I still feel their accuracy regarding mining the stuff they actually drill, is hard to establish. It is one thing to cut an intersection, but where is it with regard to the later cut stope? It isn't always obvious. you have to survey what you cut, and if you drill cut holes vertically from a sideways tunnel in the vein, (the tunnels or blast hole drifts are placed every 35 feet vertically. They are called sub-levels, hence the term sub level blast hole caving).. then the exact position of your vertical blast hole ring drilling is moot with reference to the lateral diamond drill hole that located the ore. I would try to solve this with better more accurate survey alignment of the blast hole drill head and better more accurate survey alignment of the drill head of the ddh machine. (We used to take survey points on two positions of the ddh drill string, not just its position and rough angle.

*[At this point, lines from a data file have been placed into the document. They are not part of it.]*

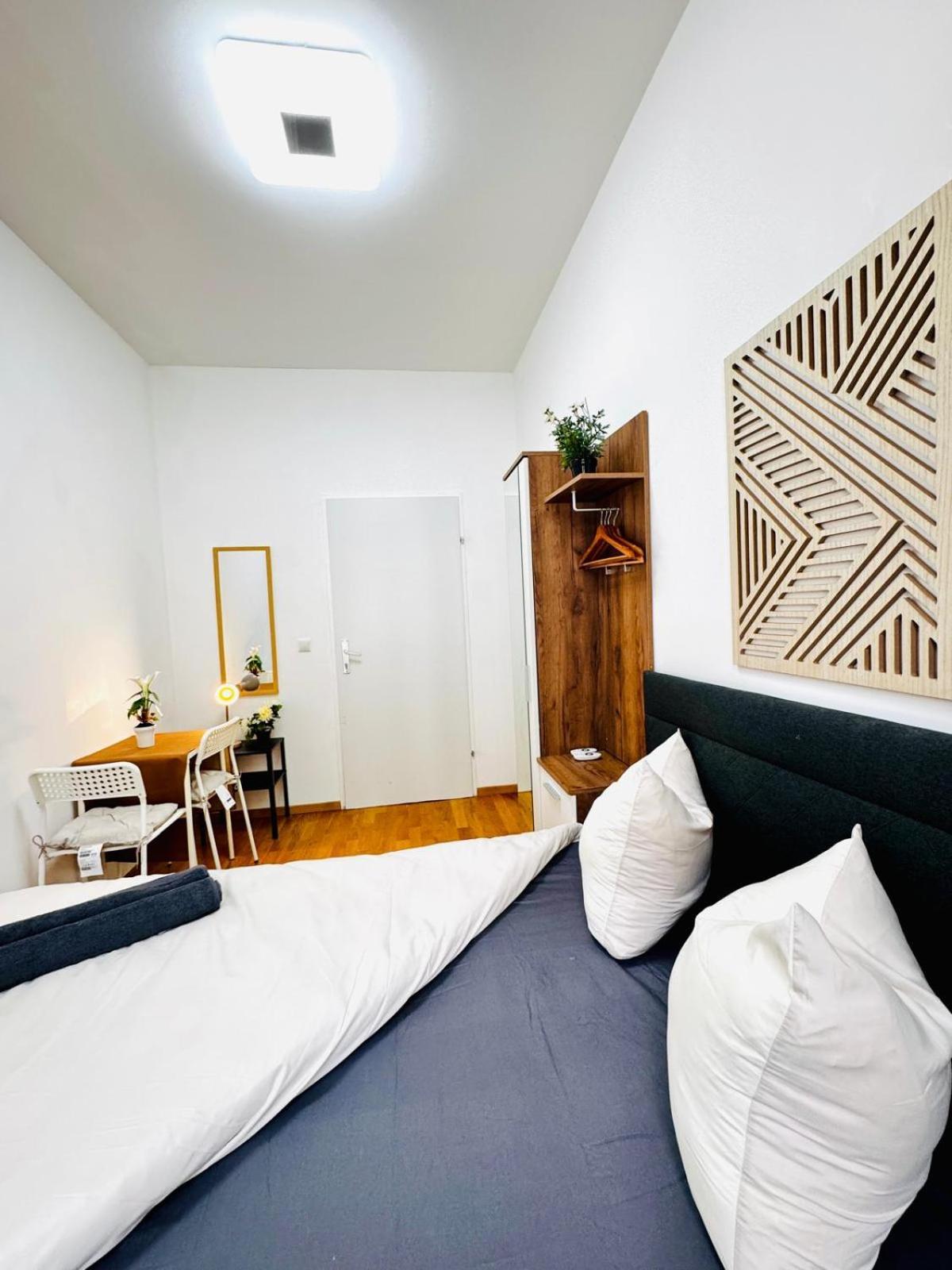 Apartment Stylish 4br 10 Min Transport To Stadthalle *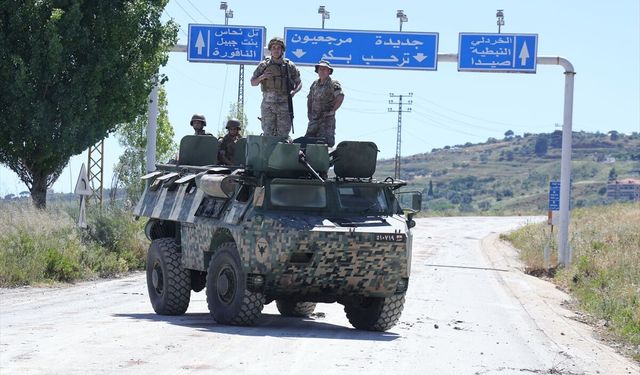 Lübnan ordusu, İsrail askerlerinin çekildiği Dibbin beldesine konuşlandığını duyurdu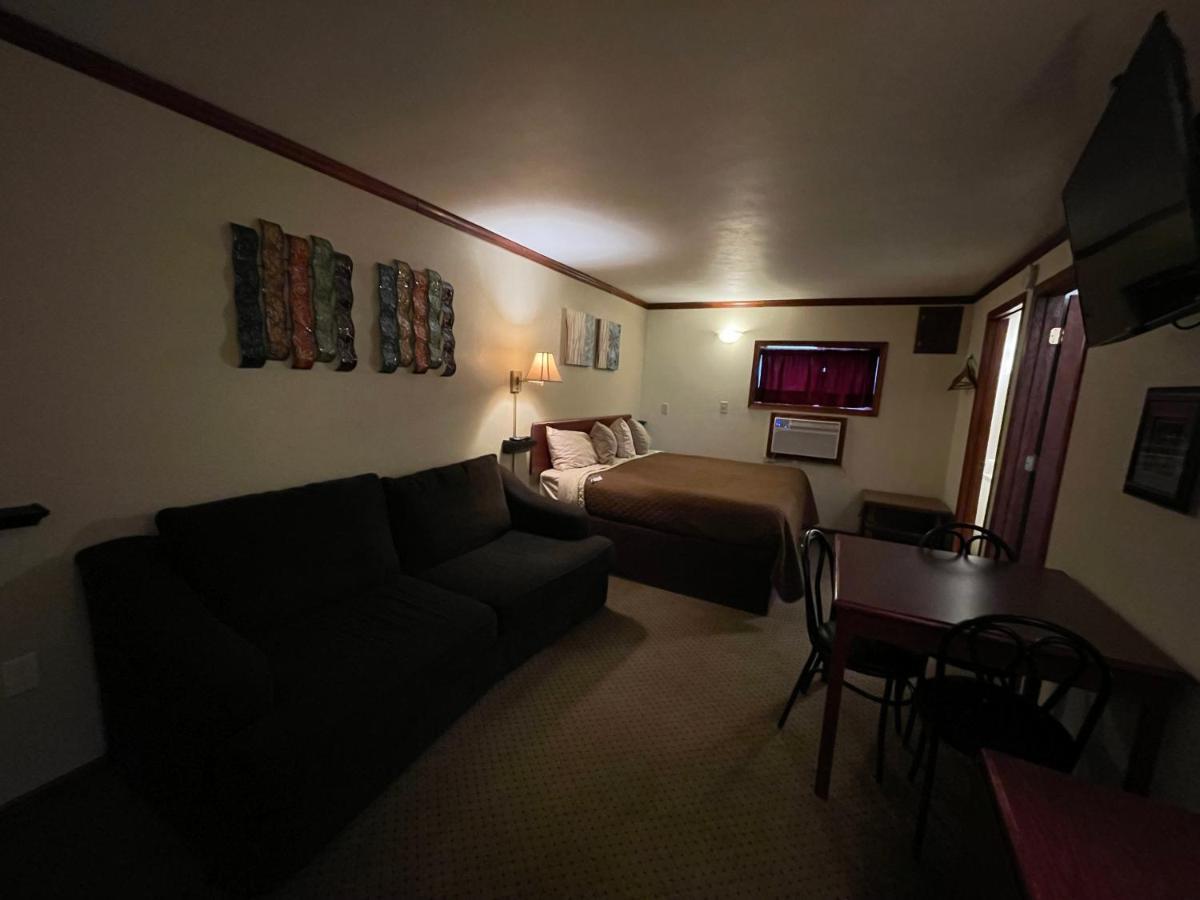 Highland Court Motel フェアモント エクステリア 写真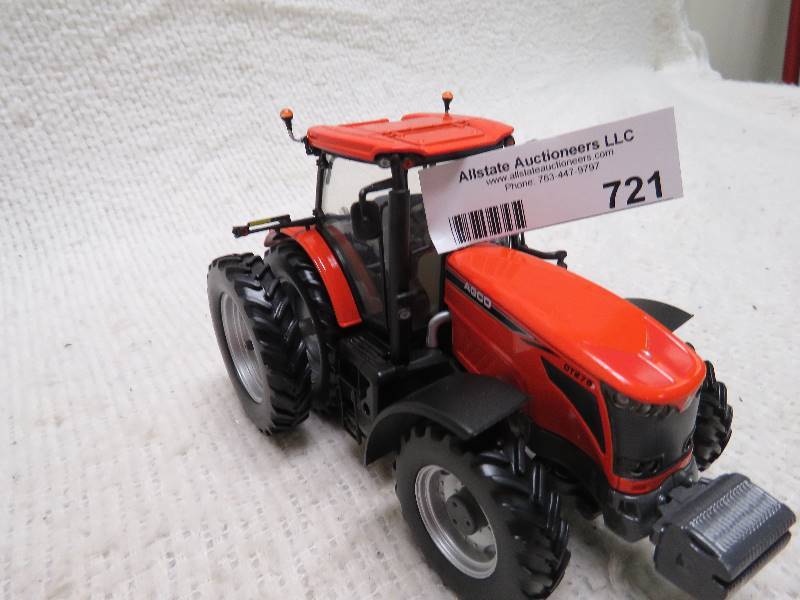 lot 721 image: Collectible Agco Tractor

Accuracy was high, within on minute of a degree. This way the geometrics of the two intersections, blast hole and diamond drill hole are better correlated. Faster mining by vertical raising and lateral drilling might allow less hanging wall wastage which dilutes the ore, another problem, he agreed they face. Sublevel is fairly fast, but overbreak is a problem into soft hanging walls, You use so much dynamite in the blasts that you get all kinds of extraneous stuff coming in. Still hoisted grade sounded not too bad. Costs have to come down, and I think mining control is an area of continuous experimentation in this high cost country.